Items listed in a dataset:
......

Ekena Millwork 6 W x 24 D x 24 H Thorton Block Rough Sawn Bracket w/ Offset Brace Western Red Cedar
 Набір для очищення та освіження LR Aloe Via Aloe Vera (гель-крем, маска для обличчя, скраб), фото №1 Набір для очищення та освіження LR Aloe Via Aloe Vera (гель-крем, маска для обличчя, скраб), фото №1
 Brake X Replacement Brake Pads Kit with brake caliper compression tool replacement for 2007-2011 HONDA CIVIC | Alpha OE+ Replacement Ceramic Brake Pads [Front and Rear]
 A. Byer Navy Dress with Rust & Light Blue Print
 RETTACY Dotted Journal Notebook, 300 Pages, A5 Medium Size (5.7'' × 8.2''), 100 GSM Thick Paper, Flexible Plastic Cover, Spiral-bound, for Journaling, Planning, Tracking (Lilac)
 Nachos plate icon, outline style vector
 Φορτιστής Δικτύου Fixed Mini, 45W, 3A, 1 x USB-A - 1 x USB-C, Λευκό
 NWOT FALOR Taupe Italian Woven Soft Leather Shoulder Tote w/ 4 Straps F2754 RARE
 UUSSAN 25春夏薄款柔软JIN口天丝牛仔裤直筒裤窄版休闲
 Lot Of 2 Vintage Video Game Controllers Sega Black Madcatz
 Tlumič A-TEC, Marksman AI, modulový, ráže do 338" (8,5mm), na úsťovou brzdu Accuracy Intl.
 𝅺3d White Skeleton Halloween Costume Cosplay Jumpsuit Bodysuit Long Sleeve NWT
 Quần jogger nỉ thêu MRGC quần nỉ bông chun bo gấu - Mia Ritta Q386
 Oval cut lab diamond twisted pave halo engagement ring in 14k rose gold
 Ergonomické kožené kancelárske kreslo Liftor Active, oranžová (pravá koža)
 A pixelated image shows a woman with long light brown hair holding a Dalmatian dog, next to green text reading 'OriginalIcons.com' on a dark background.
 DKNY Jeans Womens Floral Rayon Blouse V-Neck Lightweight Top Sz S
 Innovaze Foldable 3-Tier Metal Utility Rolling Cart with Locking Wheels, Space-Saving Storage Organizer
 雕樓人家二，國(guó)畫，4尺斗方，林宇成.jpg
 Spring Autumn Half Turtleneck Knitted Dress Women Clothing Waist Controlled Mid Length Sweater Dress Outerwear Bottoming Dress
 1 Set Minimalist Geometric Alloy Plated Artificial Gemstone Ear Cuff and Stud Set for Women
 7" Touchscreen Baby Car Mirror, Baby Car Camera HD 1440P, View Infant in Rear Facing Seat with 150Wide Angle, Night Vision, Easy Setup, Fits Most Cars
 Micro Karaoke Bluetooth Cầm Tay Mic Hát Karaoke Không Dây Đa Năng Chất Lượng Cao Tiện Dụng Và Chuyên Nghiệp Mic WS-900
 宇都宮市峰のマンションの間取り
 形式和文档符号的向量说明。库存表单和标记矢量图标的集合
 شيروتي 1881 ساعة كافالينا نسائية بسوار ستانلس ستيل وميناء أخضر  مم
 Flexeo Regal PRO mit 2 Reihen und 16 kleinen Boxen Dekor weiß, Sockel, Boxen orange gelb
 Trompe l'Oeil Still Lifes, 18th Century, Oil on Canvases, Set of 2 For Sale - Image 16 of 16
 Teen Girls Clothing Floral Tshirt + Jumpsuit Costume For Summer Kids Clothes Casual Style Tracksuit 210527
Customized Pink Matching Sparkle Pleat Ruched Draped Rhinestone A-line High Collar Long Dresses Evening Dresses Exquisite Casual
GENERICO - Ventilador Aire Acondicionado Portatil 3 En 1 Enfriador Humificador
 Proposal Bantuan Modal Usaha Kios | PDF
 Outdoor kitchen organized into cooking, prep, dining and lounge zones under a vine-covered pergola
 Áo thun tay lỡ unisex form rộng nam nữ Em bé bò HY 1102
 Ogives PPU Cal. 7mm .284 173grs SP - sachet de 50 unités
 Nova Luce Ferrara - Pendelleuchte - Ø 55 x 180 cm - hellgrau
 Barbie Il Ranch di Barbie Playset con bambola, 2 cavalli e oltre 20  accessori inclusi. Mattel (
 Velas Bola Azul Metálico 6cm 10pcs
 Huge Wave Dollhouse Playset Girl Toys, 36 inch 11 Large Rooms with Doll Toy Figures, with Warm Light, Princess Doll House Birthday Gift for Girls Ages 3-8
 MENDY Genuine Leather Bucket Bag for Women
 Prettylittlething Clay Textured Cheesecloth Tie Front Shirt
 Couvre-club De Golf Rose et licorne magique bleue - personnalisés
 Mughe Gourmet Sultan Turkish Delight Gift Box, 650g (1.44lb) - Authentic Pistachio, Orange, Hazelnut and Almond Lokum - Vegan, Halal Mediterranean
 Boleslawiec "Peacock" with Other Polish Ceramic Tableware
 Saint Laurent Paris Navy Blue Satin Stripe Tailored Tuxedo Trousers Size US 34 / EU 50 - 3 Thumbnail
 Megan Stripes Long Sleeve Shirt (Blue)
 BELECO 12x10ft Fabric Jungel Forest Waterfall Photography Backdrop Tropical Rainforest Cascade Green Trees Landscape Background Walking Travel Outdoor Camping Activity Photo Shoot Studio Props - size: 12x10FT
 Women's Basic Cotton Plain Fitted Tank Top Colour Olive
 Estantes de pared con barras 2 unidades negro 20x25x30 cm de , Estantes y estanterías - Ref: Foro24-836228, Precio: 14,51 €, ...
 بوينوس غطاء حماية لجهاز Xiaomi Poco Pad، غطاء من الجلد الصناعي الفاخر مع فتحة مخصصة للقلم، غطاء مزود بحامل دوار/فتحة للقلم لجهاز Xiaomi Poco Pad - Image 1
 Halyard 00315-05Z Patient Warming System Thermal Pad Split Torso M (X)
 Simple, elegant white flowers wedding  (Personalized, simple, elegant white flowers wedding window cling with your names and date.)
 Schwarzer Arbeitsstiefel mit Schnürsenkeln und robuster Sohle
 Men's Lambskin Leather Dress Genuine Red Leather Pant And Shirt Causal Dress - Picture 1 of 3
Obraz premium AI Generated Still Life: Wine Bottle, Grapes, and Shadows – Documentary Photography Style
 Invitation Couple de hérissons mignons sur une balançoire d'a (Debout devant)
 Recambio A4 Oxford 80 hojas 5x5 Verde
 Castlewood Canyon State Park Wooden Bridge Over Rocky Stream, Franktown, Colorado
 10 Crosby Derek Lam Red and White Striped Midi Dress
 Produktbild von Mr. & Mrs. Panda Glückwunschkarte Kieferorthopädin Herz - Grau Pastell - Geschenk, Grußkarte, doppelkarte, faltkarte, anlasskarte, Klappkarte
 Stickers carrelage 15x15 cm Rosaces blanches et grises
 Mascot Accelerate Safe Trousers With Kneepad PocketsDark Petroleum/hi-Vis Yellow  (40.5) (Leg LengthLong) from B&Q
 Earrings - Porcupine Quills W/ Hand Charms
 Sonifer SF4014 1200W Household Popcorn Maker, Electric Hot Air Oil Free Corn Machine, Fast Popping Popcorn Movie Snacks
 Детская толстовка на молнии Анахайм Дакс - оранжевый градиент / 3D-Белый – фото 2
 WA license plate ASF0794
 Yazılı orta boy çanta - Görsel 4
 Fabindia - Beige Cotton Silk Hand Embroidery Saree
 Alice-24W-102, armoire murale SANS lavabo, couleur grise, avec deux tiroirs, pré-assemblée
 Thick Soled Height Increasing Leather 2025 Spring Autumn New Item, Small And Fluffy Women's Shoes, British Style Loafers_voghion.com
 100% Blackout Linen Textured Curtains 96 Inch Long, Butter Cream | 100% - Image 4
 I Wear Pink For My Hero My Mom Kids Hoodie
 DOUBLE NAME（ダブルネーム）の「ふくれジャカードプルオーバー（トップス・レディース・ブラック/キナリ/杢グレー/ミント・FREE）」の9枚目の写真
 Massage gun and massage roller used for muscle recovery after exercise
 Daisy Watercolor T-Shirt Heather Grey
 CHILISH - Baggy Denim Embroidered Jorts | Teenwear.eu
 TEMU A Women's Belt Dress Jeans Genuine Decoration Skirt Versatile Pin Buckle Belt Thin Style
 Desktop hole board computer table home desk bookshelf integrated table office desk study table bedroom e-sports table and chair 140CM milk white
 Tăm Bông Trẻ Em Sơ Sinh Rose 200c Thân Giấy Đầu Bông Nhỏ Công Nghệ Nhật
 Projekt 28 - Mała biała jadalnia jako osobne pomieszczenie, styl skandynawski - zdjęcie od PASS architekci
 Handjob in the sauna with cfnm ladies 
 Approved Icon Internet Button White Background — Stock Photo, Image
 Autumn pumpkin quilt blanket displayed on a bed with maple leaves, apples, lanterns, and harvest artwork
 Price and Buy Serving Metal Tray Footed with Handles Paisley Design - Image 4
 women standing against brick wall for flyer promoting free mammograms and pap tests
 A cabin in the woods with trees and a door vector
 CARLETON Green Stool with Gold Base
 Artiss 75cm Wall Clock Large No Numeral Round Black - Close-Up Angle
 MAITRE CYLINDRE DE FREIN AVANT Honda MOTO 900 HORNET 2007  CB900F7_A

......

WORK ITEM
Wherever the word "Metal" appears in a line of the data, copy that line.

RESPONSE AREA
 Innovaze Foldable 3-Tier Metal Utility Rolling Cart with Locking Wheels, Space-Saving Storage Organizer
 Price and Buy Serving Metal Tray Footed with Handles Paisley Design - Image 4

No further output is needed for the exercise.